[Caption-style text data]
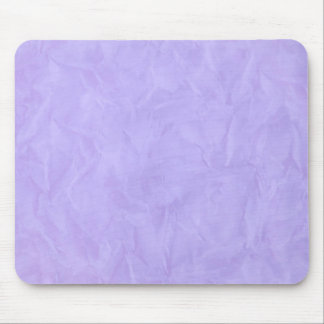 Background PAPER TEXTURE - violet Mouse Pad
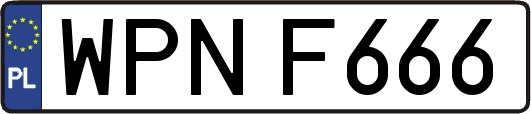 WPNF666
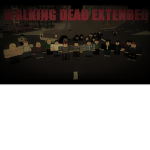 The Walking Dead Extended Secrets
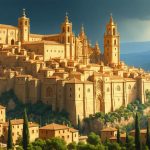 The Dazzling Spectacle of Caravaca de la Cruz: Unveiling a Spanish Medieval Marvel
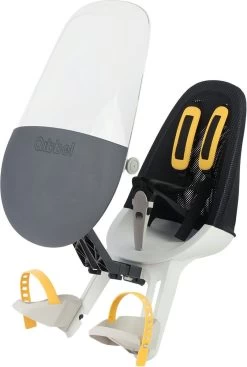 Windscherm Qibbel Air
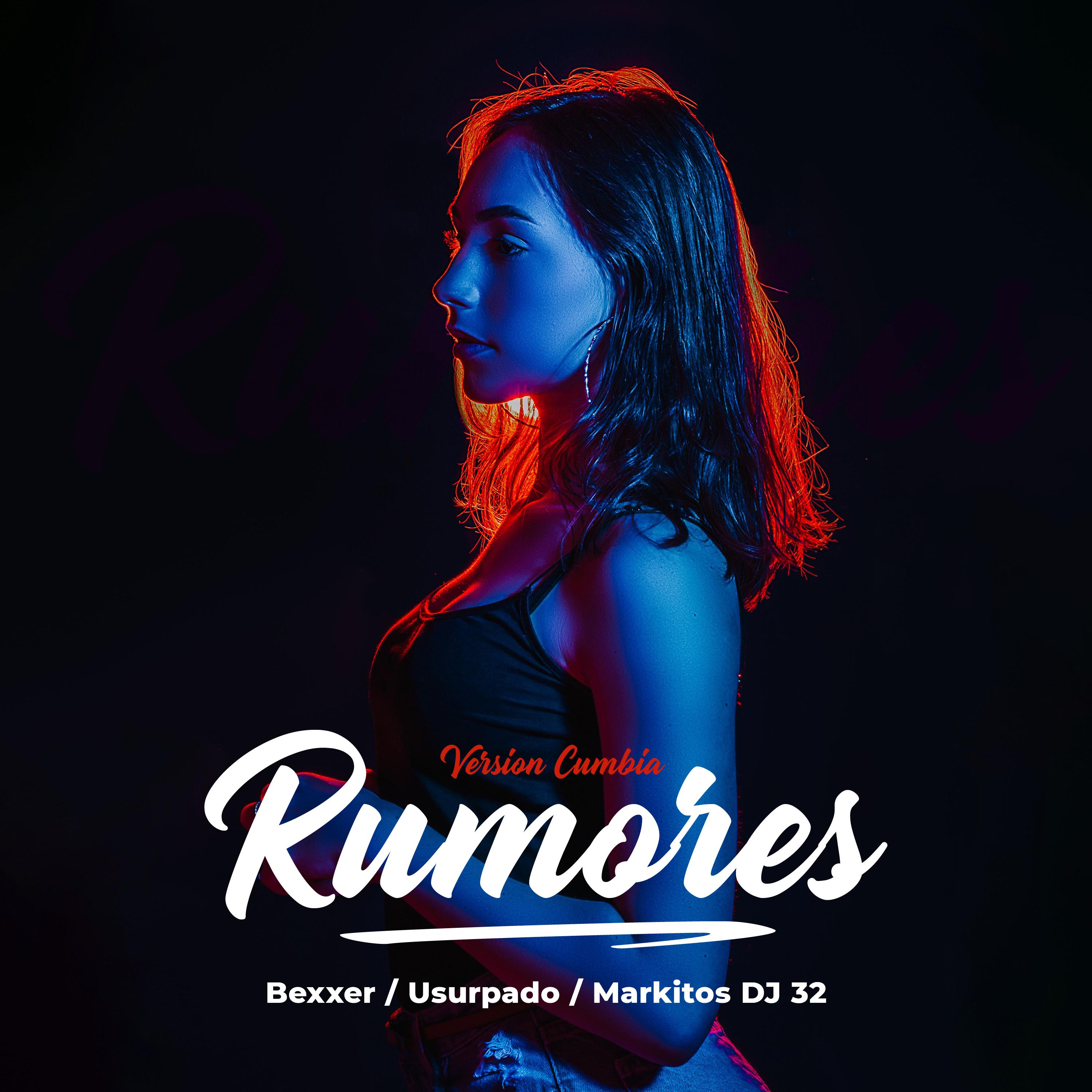 Постер альбома Rumores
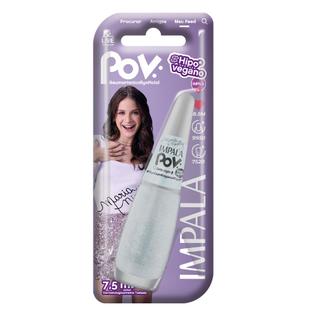 Esmalte impala pov girls night glitter 7,5ml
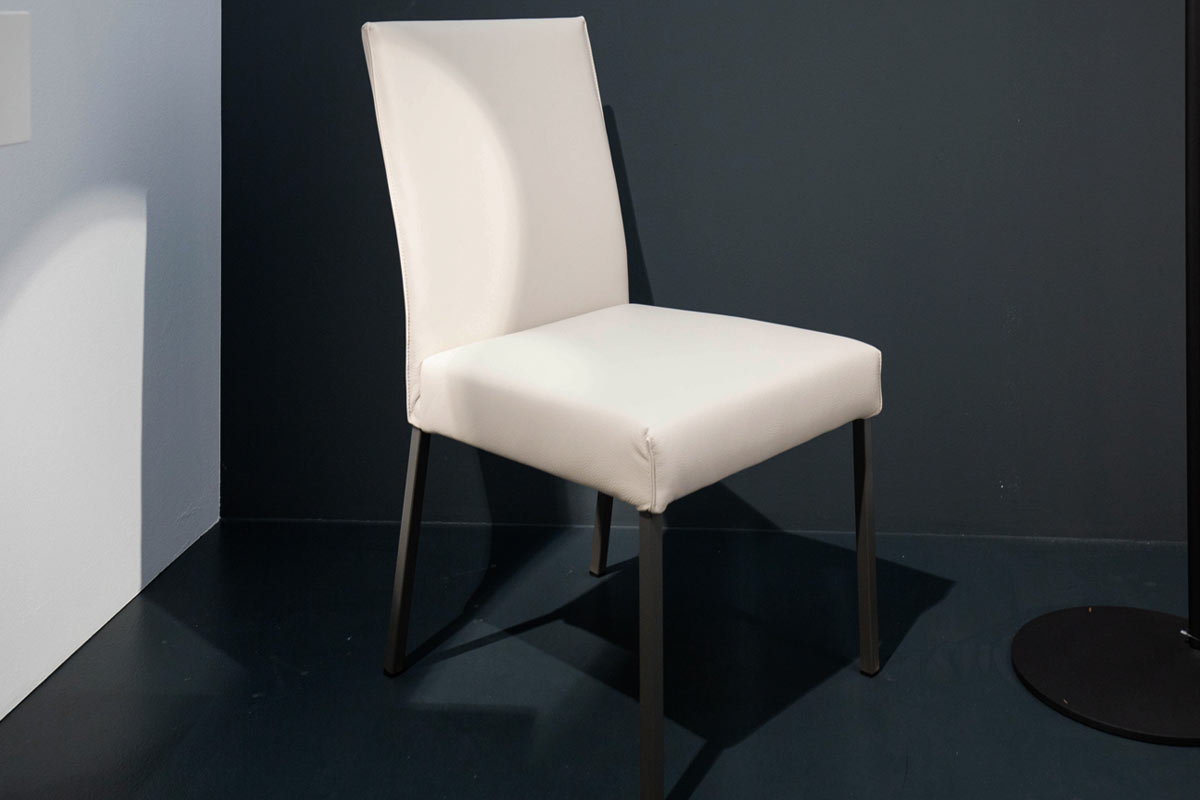 Ausstellungstück im Sale: Stuhl 652 von Rolf Benz für 649 €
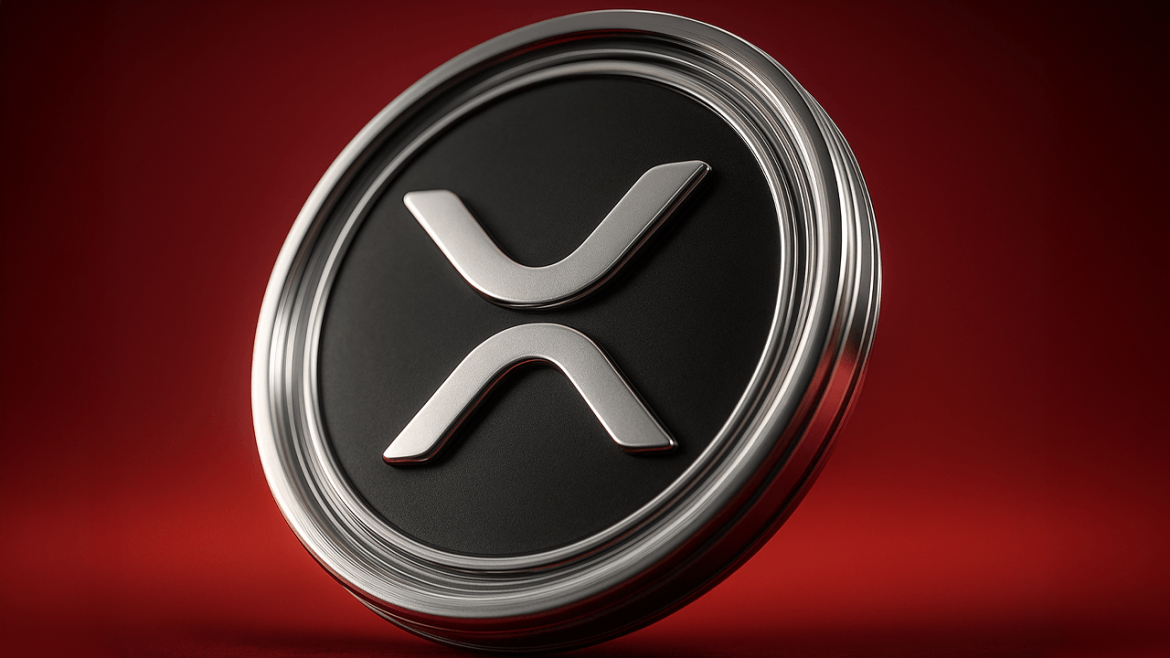 XRP Consolidates as Trading Volume Drops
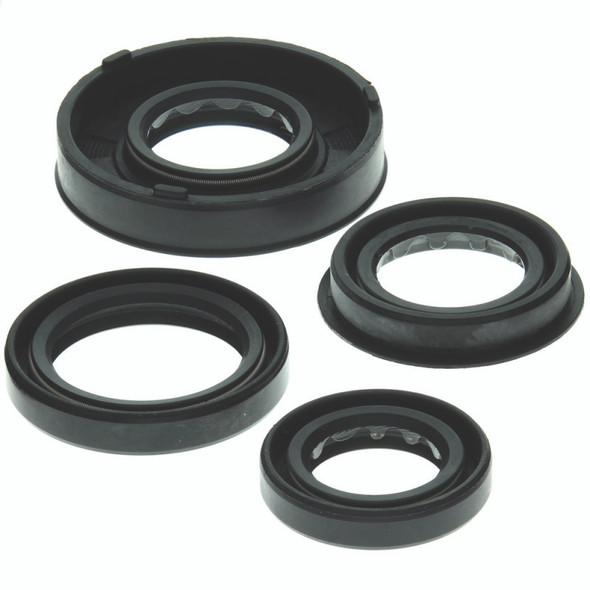 QuadBoss 04-06 Polaris Predator 50 Oil Seal Set 564158
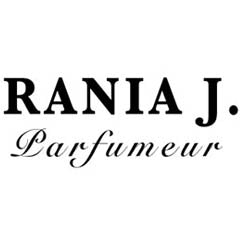 Rania J. Perfumeur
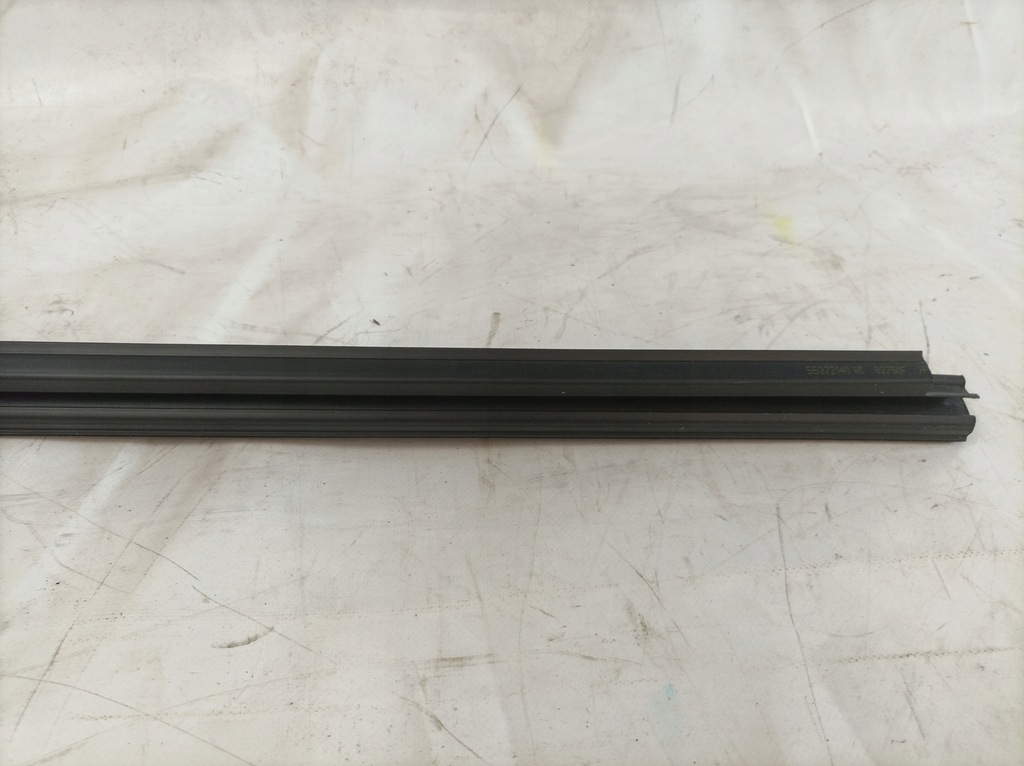 фото №8, Ram 1500 11 молдинг прокладка дверь usa левый задняя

→ Task details: Write out each entry exactly, images excluded.

→ Solved exercise:
 Background PAPER TEXTURE - violet Mouse Pad
 WPNF666
 The Walking Dead Extended Secrets
 The Dazzling Spectacle of Caravaca de la Cruz: Unveiling a Spanish Medieval Marvel
 Windscherm Qibbel Air
 Постер альбома Rumores
 Esmalte impala pov girls night glitter 7,5ml
 Ausstellungstück im Sale: Stuhl 652 von Rolf Benz für 649 €
 XRP Consolidates as Trading Volume Drops
 QuadBoss 04-06 Polaris Predator 50 Oil Seal Set 564158
 Rania J. Perfumeur
 фото №8, Ram 1500 11 молдинг прокладка дверь usa левый задняя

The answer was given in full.